The “indulged rapists and murderous mercenaries” of whom Arkin writes are the men and women who serve our nation in uniform, and who do so, almost to a person, with honor and humility. As I have noted in this column before, there is no more humble gesture than to stand in harm’s way and offer one’s life for the liberty of others, most of whom take such liberty for granted.

This would be the same William Arkin who, in 2003, “outed” Lt. Gen. Jerry Boykin, Commanding General of Special Forces at Fort Bragg, for his Christian world view after Gen. Boykin said of the hunt for Osman Atto in Mogadishu: “He went on CNN and he laughed at us, and he said, ‘They’ll never get me because Allah will protect me. Allah will protect me.’ Well, you know what? I knew that my God was bigger than his. I knew that my God was a real God and his was an idol.”

Arkin accused Gen. Boykin of being “an intolerant extremist … who believes in Christian ‘jihad’.”

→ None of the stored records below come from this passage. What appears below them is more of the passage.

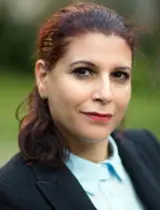  Nahed Samour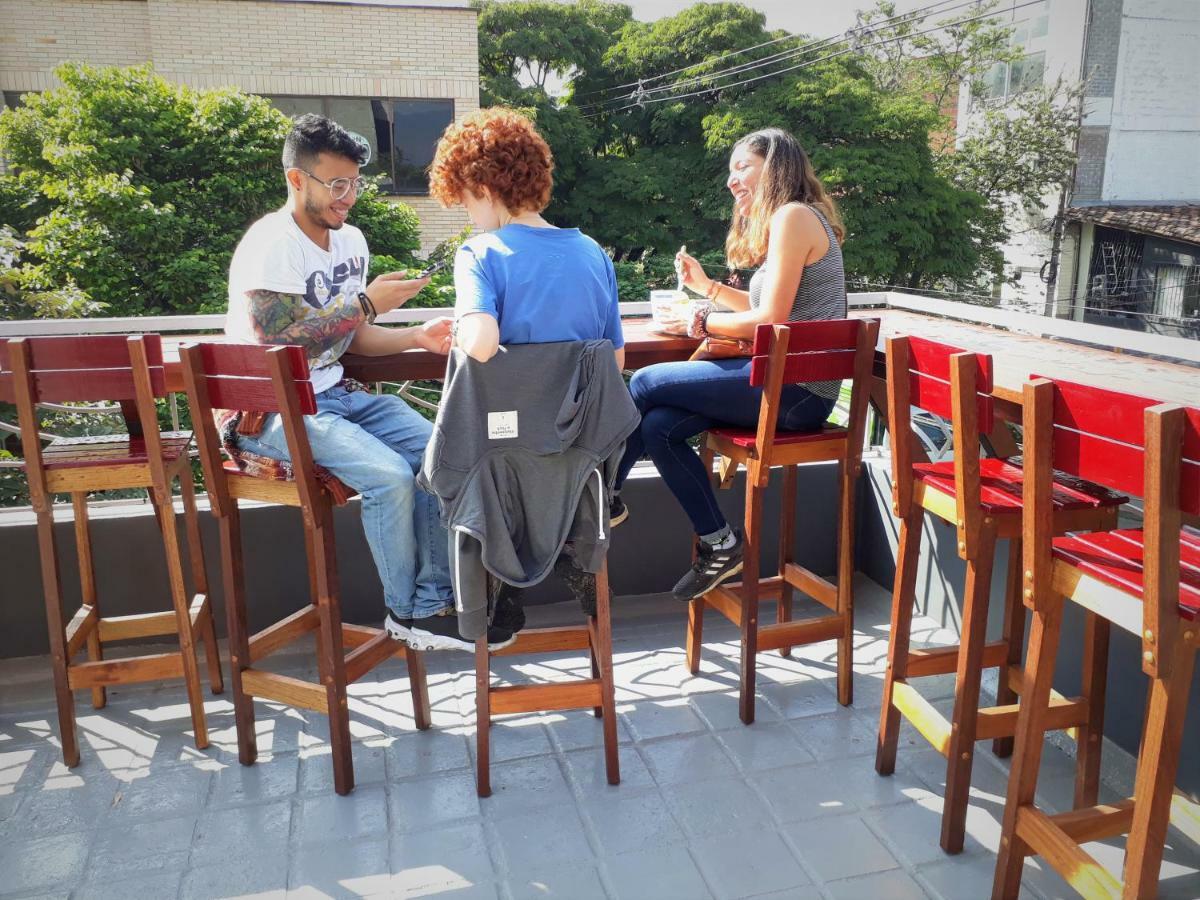 Noah Boutique Hostels Медельин Экстерьер фото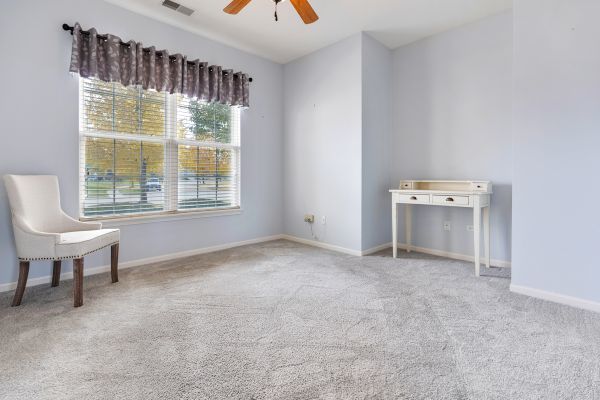 Huntley, Illinois, 60142, United States, 2 Bedrooms Bedrooms, ,2 BathroomsBathrooms,Residential,For Sale,1989906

Arkin has rebuffed objections to his latest rant with two subsequent essays entitled “Demonization and Responsibility” and “The Arrogant and Intolerant Speak Out.” He claims, “The torrents of [complaints] represent the worst of polarized and hate-filled America. [I am not] apologizing for being critical of the military. Instead, I’m trying to make sense of the worldview of those who have responded. For the critics, I have become the enemy and have been demonized. … I am part of the all powerful, self-congratulatory, far-left, Bush-bashing, fifth-column mainstream. It isn’t so much what I say … it is more that I sit in my safe little cubicle in front of a keyboard sipping lattes, giving aid and comfort to the enemy while our boys and girls die. In other words, I’m comfortable while others suffer.”

Well, if the shoe fits…

Arkin, like most of his arrogant ilk, thinks that he is somehow bullet-proof to criticism; that even though he now finds himself in a deep hole of his own design, he needn’t stop digging. He is probably right, at least in regard to his job security.

NBC responded to complaints about its military analyst with this disingenuous reply: “The comments in question were made by Mr. Arkin in his Washington Post column. He does not speak on behalf of NBC News.”

Of course, everything Arkin says at NBC reflects what he wrote at the Washington Post, which, by the way, invoked “no comment” in response to complaints.

It is notable that neither NBC nor the Washington Post challenges the substance of Arkin’s comments, but they cannot feign surprise. After all, the title of Arkin’s latest book, “Codenames: Deciphering U.S. Military Plans, Programs, and Operations in the 9/11 World,” says it all. If I were a betting man, I would take odds that any terrorist listed in Who’s Who among Jihadis has a copy of that book.

Notably silent during this whole Arkin affair is General Electric, which owns NBC and collects billions of dollars from military-procurement and operations contracts.

(Footnote: Arkin closed the reader response blog under his Washington Post column after receiving more than 900 objections.)